◆ **What the task requires**:
Your task is to repeat exactly the lines from the one with "Nâng cao kiến" through the end of the records, both included; please leave the pictures out.

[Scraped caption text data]
****************
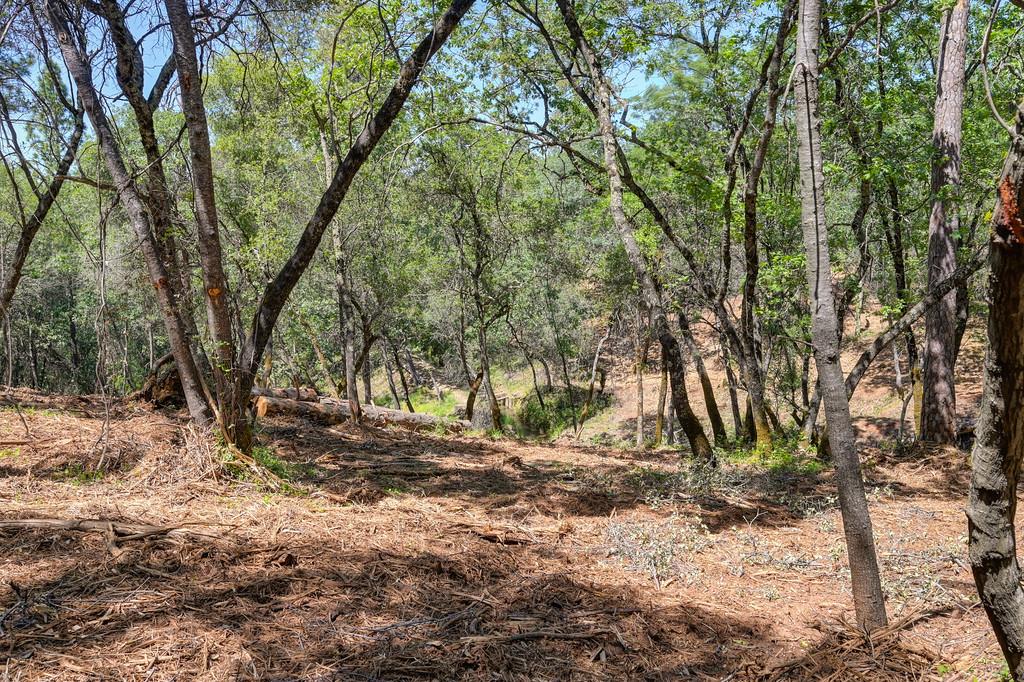 Detail Gallery Image 17 of 50 For 10650 Werner Rd, Auburn,  CA 95603 - – Beds | – Baths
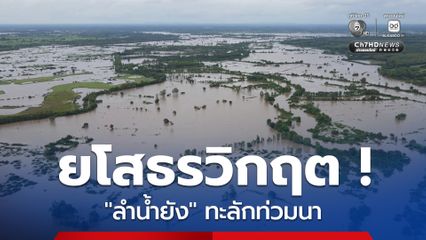 จ.ยโสธร วิกฤต ปริมาณน้ำใน "ลำน้ำยัง" เพิ่มสูงขึ้นต่อเนื่อง เอ่อล้นท่วมนาข้าว พื้นที่การเกษตร มวลน้ำเหนือไหลมาสบทบต่อเนื่อง เร่งเปิดประตูเขื่อนทั้ง 8 บาน ระบายน้ำด่วน
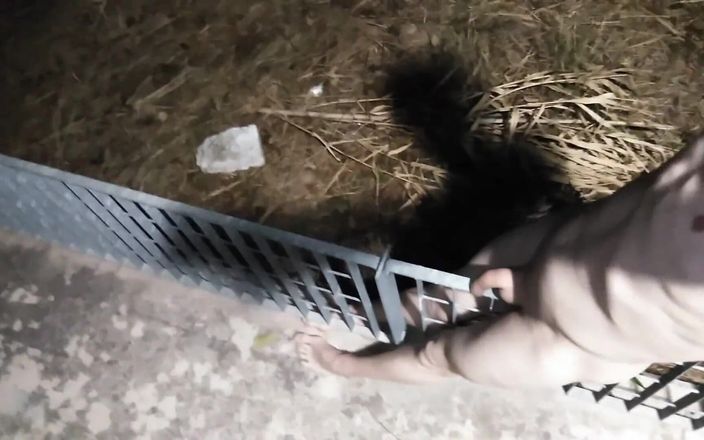 Dan Eagle: Bugil dan mainin memeknya yang lagi kencing di depan umum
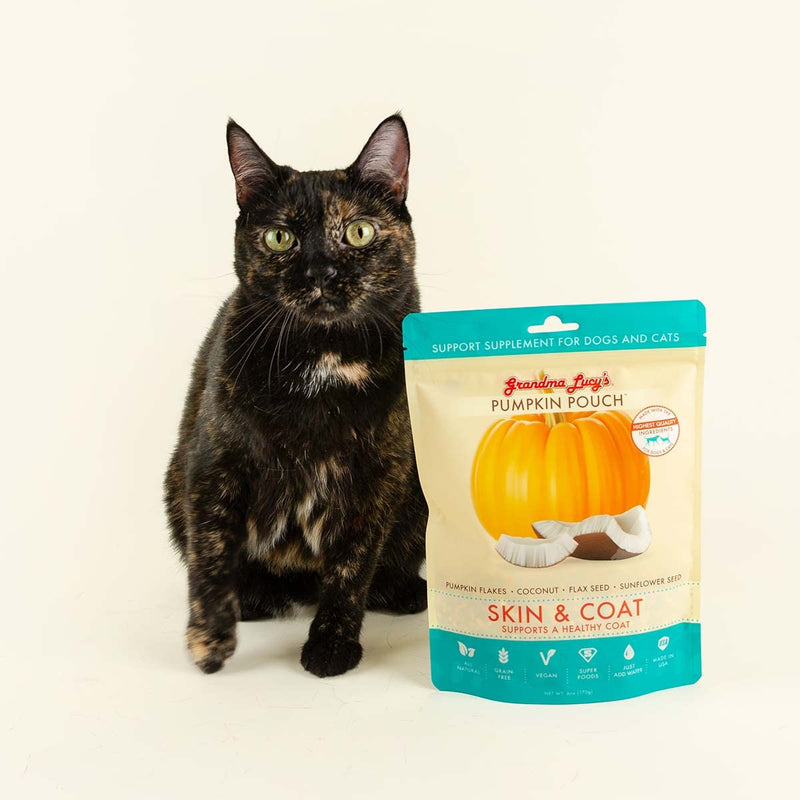 Grandma Lucy's Pumpkin Pouch Skin and Coat 6oz - BeesActive Australia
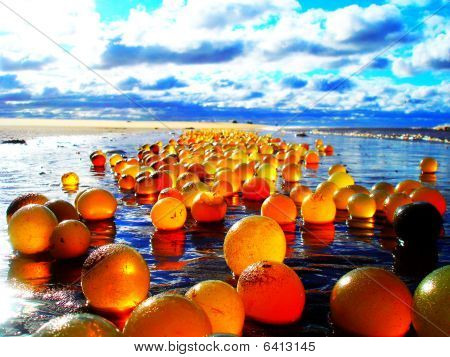 Sea munat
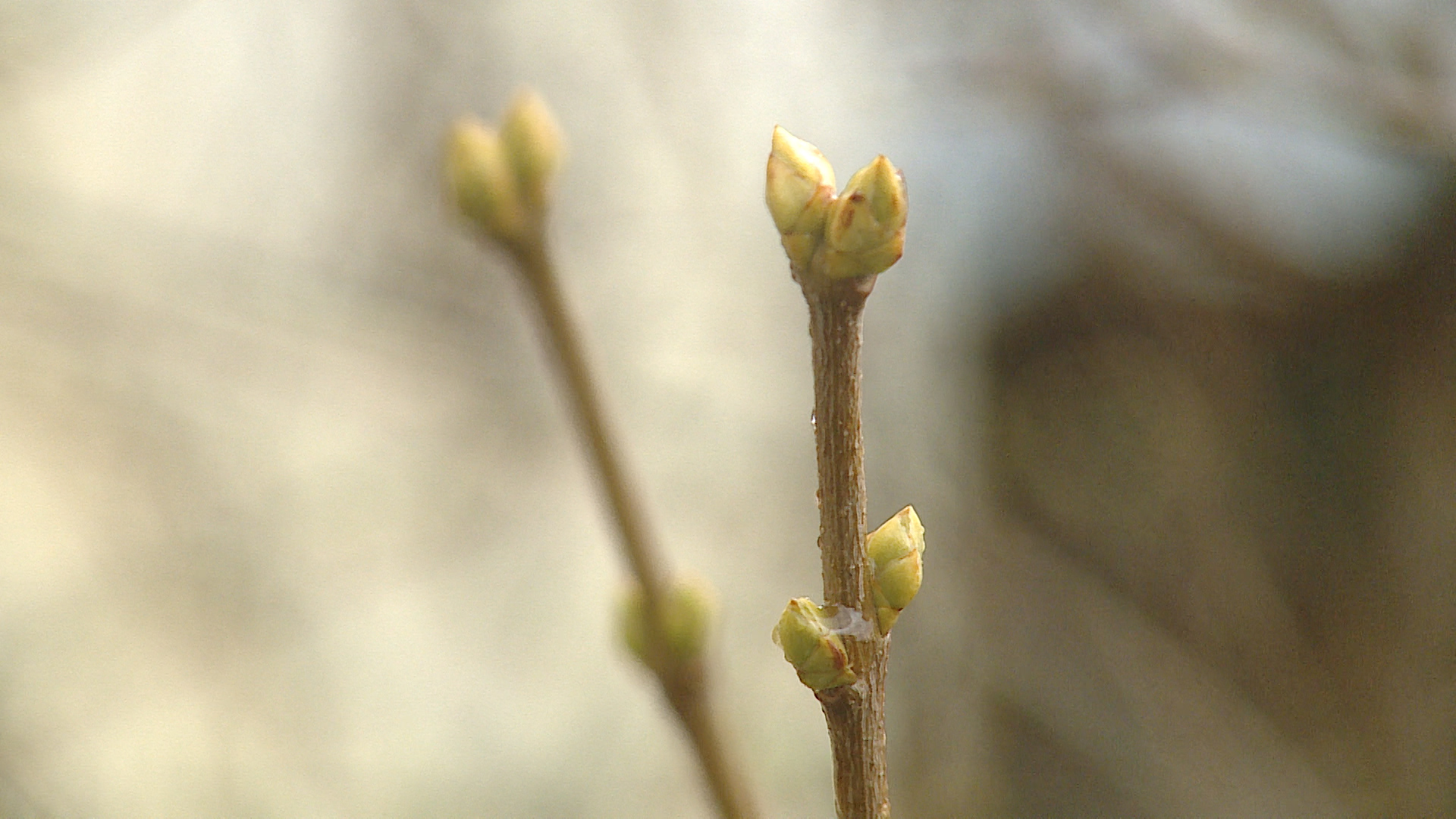 О заморозках до -3º предупредили жителей Волгоградской области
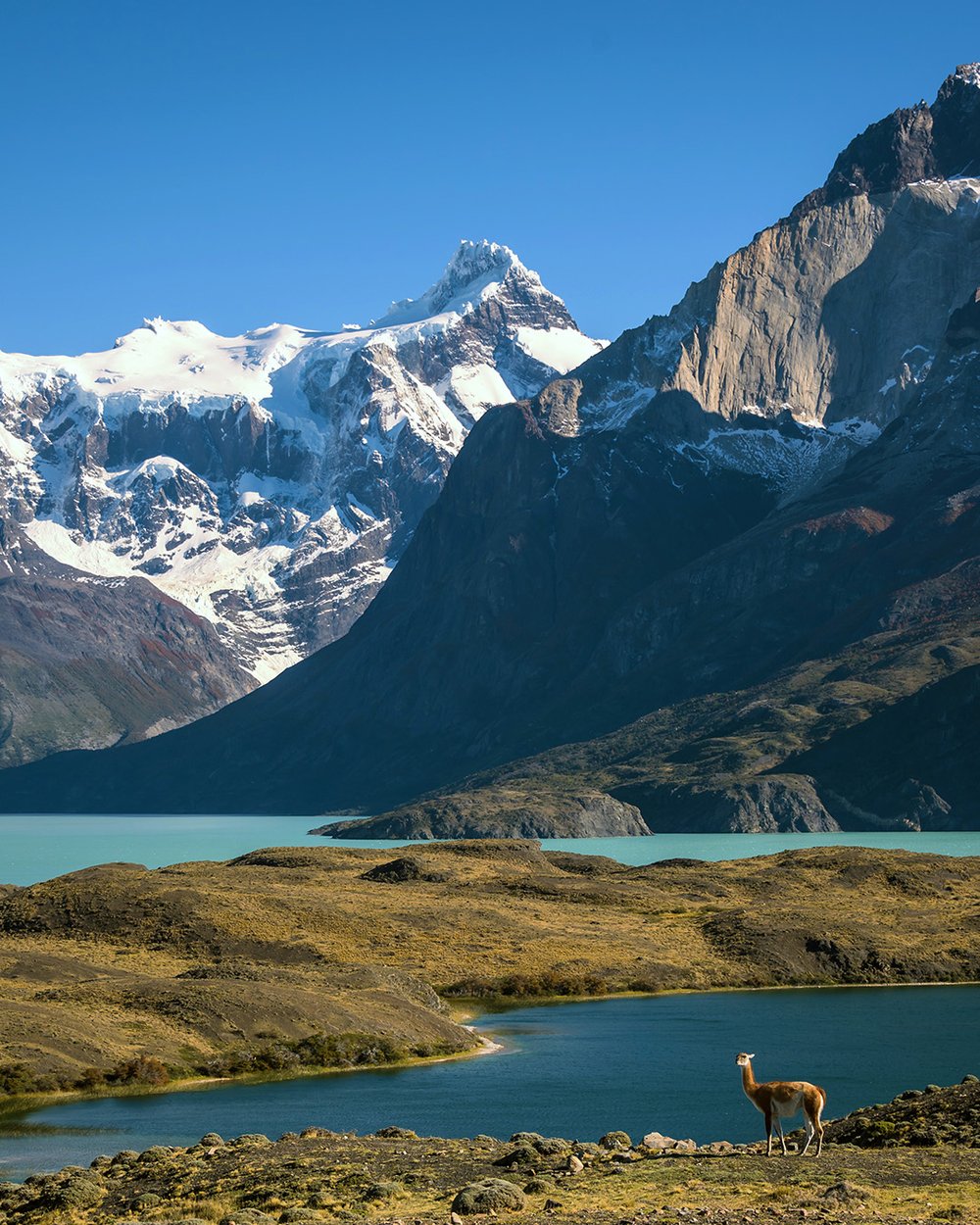 A llama stands in front of snow-capped mountains in Patagonia National Park.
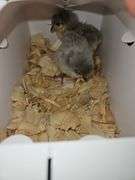 2 Lavender Chicks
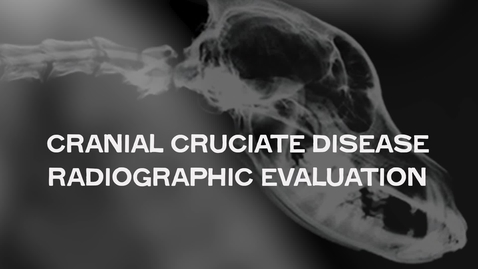 Thumbnail for Cranial Cruciate Disease Radiographic Evaluation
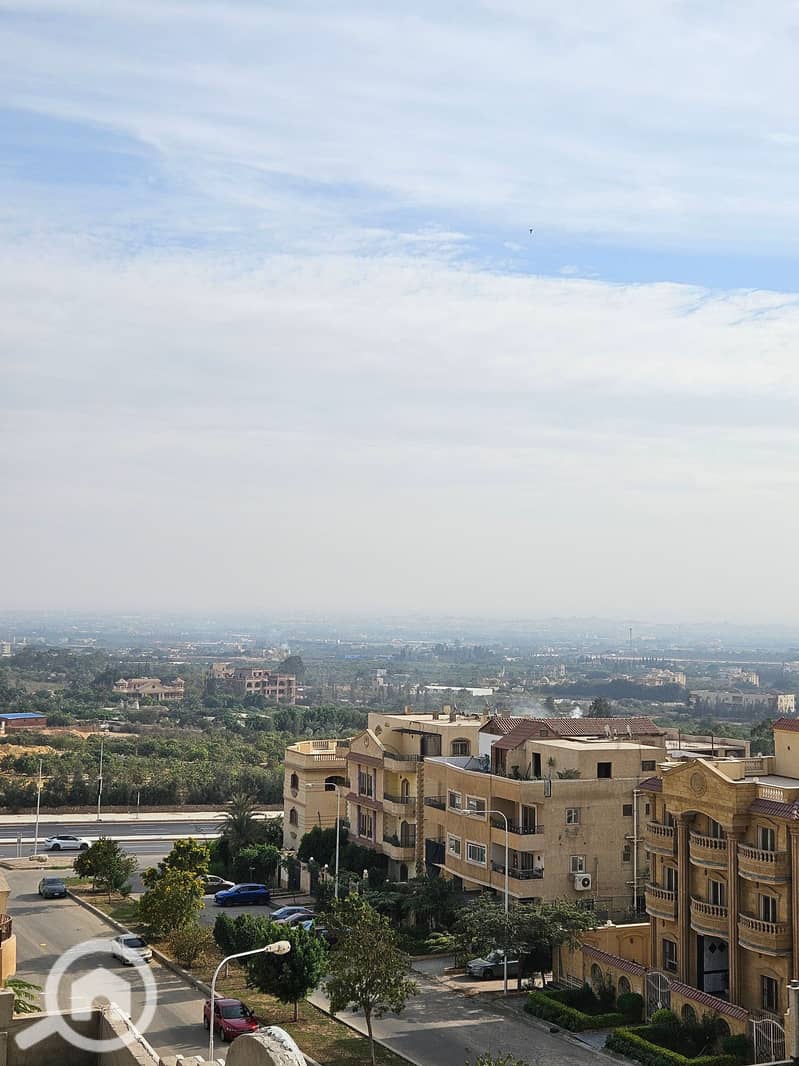 20251129_134239. jpg 20251129_134239. jpg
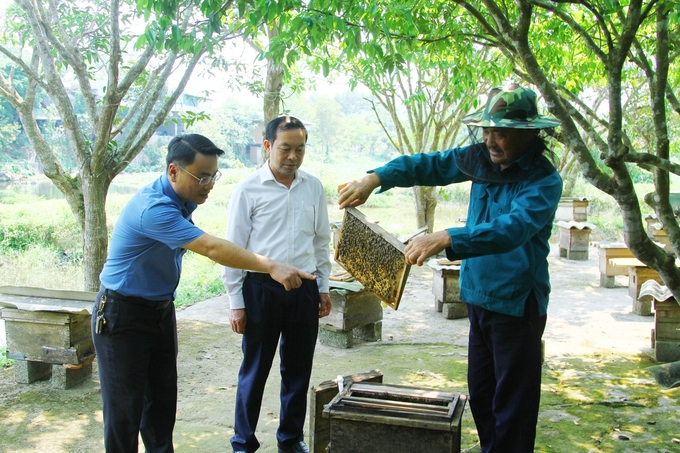Nâng cao kiến thức, kinh nghiệm nuôi ong cho người dân ở huyện Minh Hóa. Ảnh: TP.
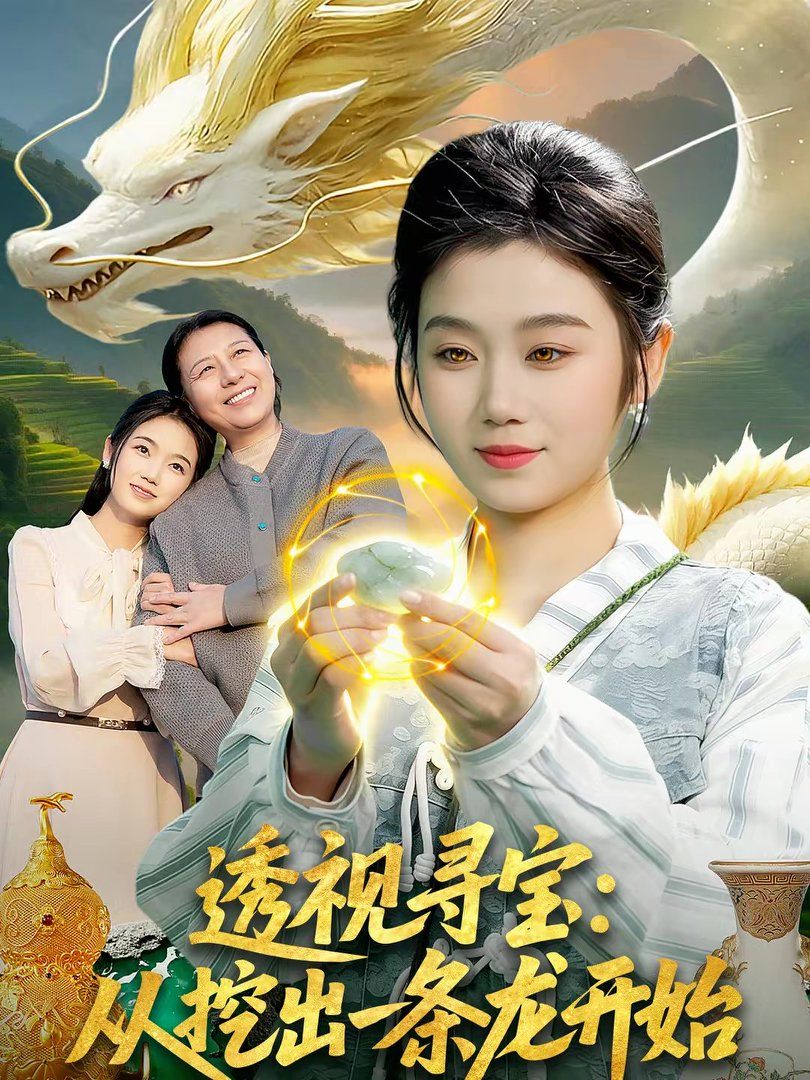 透视寻宝：从挖出一条龙开始海报
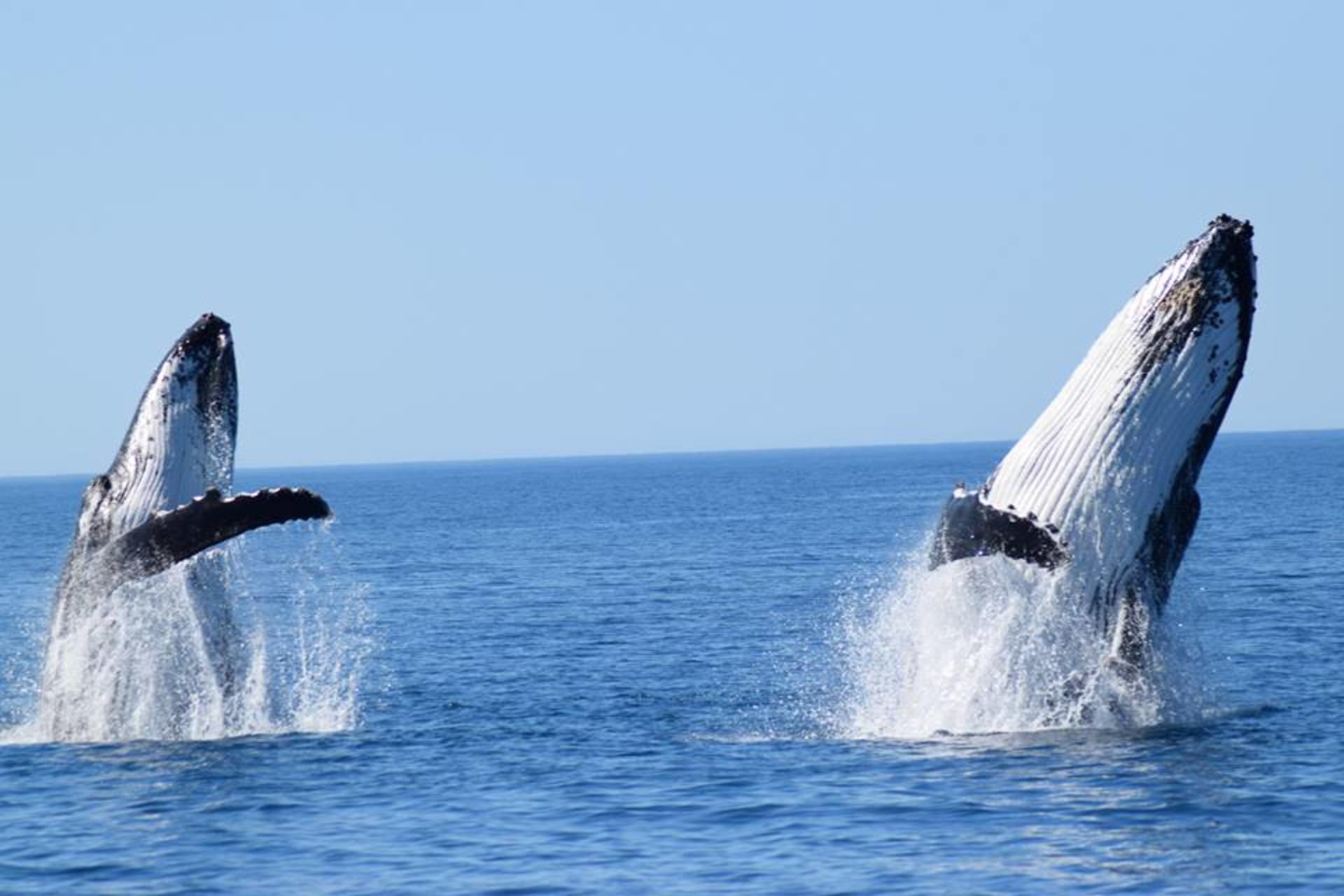 Whale Watching Tours from Perth & Margaret River - Thumbnail 4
****************
◆ **Answer to this task**:
Nâng cao kiến thức, kinh nghiệm nuôi ong cho người dân ở huyện Minh Hóa. Ảnh: TP.
 透视寻宝：从挖出一条龙开始海报
 Whale Watching Tours from Perth & Margaret River - Thumbnail 4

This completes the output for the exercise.